## [Problem description]
Go through the data below and transcribe it exactly. Omit the images.

## [Data section]
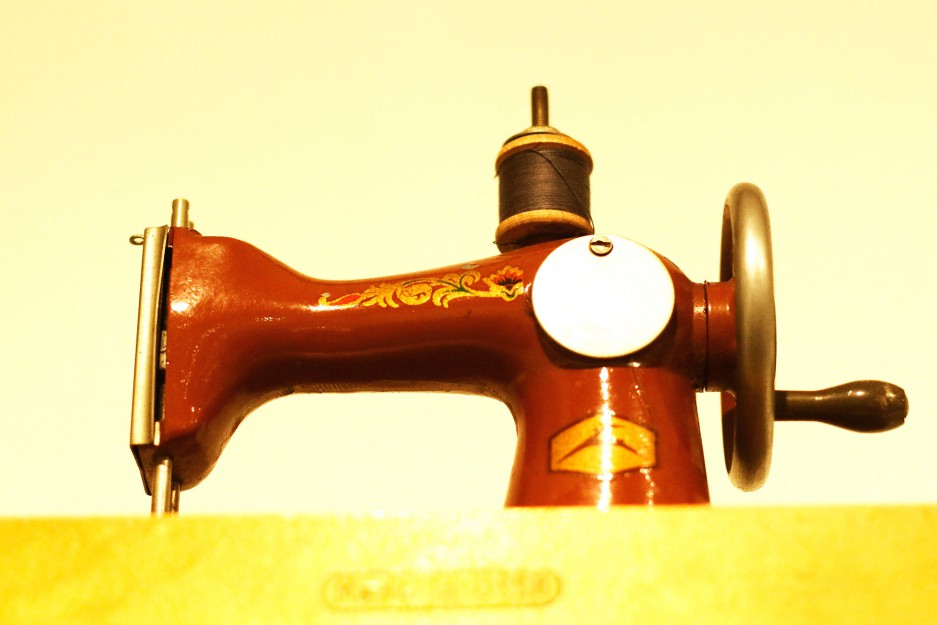 Maquina-de-coser-2-2000x1300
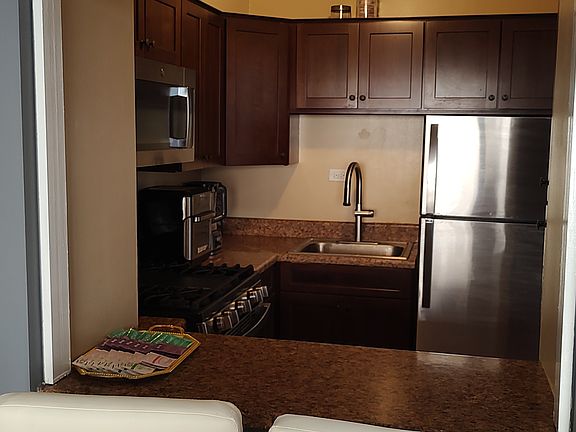 4th image of 2800 N Lake Shore Dr APT 309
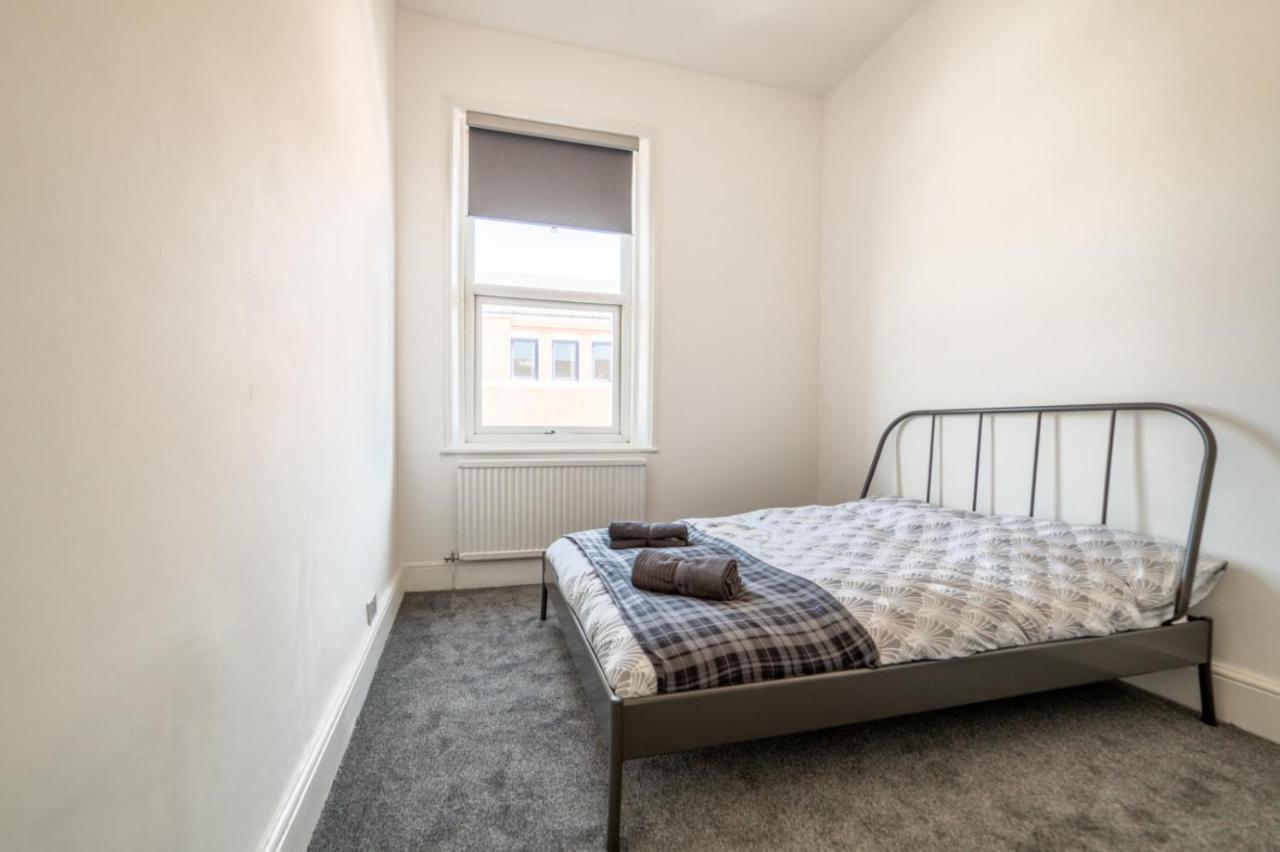 Peaky Blinders Apartment 5 Min Walk To Blackpool Tower Sleeps Up To 14 Exterior photo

## [Response below]
 Maquina-de-coser-2-2000x1300
 4th image of 2800 N Lake Shore Dr APT 309
 Peaky Blinders Apartment 5 Min Walk To Blackpool Tower Sleeps Up To 14 Exterior photo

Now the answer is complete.